I know this sounds like an oxymoron, but stay with me. Joe writes, “…common sense health insurance reform will cost the government little to nothing.” I always liked these common sense solutions. They make me smile. The reason I smile it is that if they were so simple and easy we would’ve tried them already. Congress has been desperately looking for something simple and easy to try for the last 25 years. During this time both Republicans and Democrats have controlled the House and the Senate and could’ve passed “common sense” solutions. Especially, especially if those common sense solutions didn’t require insurance companies or pharmaceutical companies to lose money. Congress would have been all over it.
1. Allow people to band together to buy group health insurance without being an employee-based group.

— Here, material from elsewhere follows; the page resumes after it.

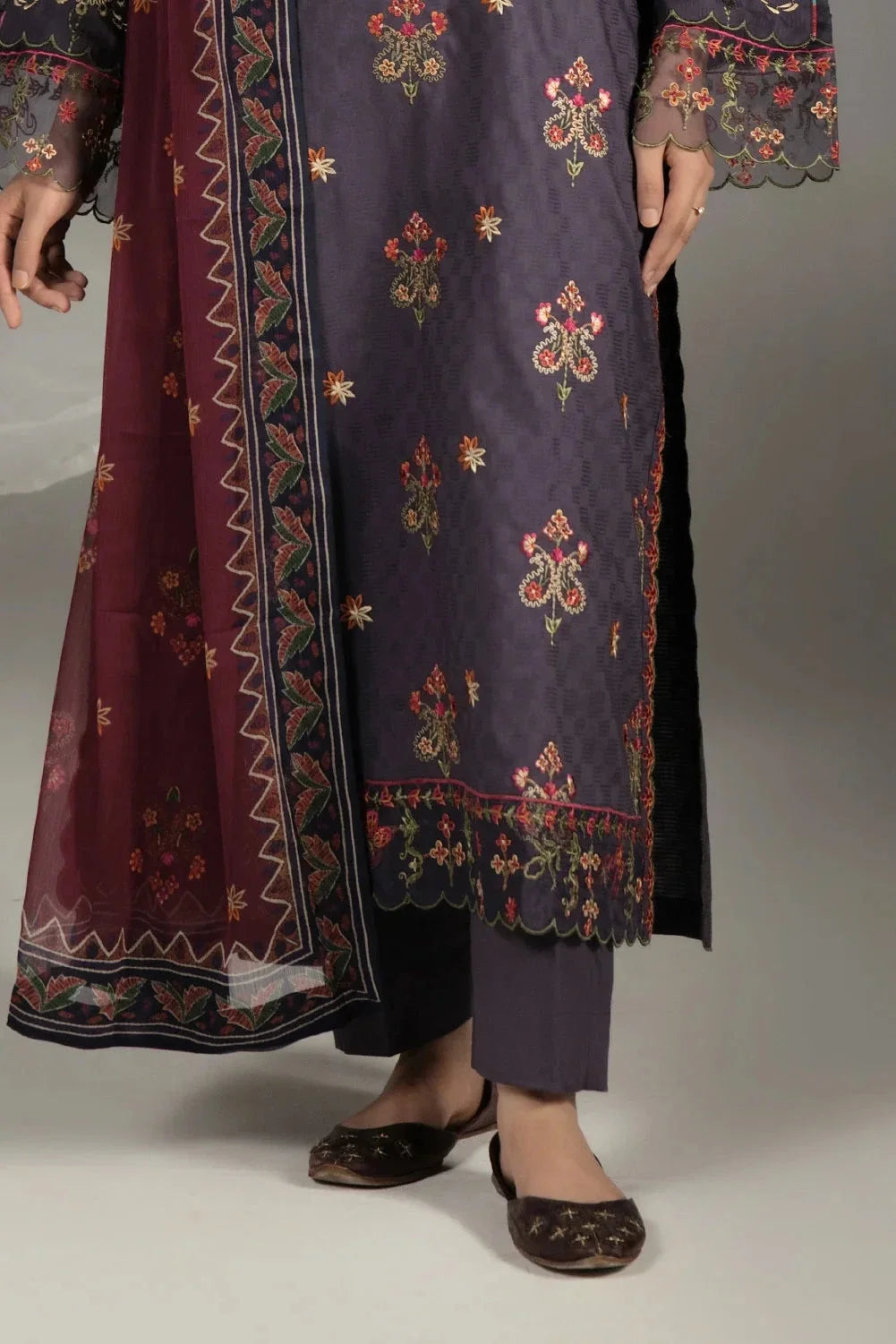 3PC Embroidered Cambric Suit | KCCE-4225 Embroidered KHAS STORES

This sounds nice. You have to find a way to get millions of people to band together, not just a few. As far as I know, Americans have not banded together to buy gas or to buy groceries. Small bands of Americans (a couple thousand) would be almost the same as a small business and its employees. The reason any given small business has stopped covering employees, as a rule, is cost. There’s no way a small band of Americans is going to be able to figure out how to decrease the cost. Now, the exception would be small bands of young healthy Americans. They could easily band together and cover themselves for little or nothing. Basically, this is Kent Conrad’s idea, which has been thoroughly vetted. This is about co-ops. Co-ops will not be competitive because they don’t have the numbers to negotiate drug prices and fees for service.
2. End exemptions for a self-insured plans.
If we are going to end exemptions, why isn’t that the case in the healthcare exemption? The benefit of health insurance is not taxed. Our treasury loses $110 billion every year because of this. This seems to be a much fairer solution, don’t you think?
3. Standardized insurance forms and information systems.
This will cost millions. It will cost insurance companies and doctors’ offices and hospitals millions of dollars to change from what they have to something else. Who’s gonna decide what the standard is? Clearly, we’re not gonna trust the government to do that, so we are going to wait for business to come up with a committee to do this? Expect a decision in three to four years… and a voluntary implementation of this will never happen. There’s no incentive for business to do this. Unless you want to pass regulations — no way. Conservatives hate regulations.
4. End cost shifting.
Cost shifting doesn’t end. Just because you tell them to stop it, doesn’t mean it will end. Hospitals and doctors have incentives to continue cost shifting. They get paid. Personally, as a physician, I’ve been down this road, where we “aggressively” go after those without money and those who don’t pay. The bills simply never get paid off. They end up spending a lot of money trying to track down people who have moved out of state. They end up spending a lot of money on people who are paying $25 and $50 a month on bills that are $50,000 and $100,000 or more. Neither hospitals nor physicians will willingly take this hit.
Remember, we are obligated to provide medical care for those people who are dying. This isn’t like a car dealership. No matter how badly you want a car, if you don’t have cash or financing you don’t get that car. If you come in to the emergency room because of a heart attack or a bleeding ulcer, we take care of you. This is the way it should be. It also should be that we get paid for the services that we render. How we get paid by those who don’t have money to pay is a question that society needs to answer.
So far, none of the suggestions that have been made by some conservatives that I’ve reviewed here amount to any significant cost savings. None of the suggestions will control costs. With healthcare costing $2.2 trillion in 2007, I’m sorry to say that these solutions are weak at best.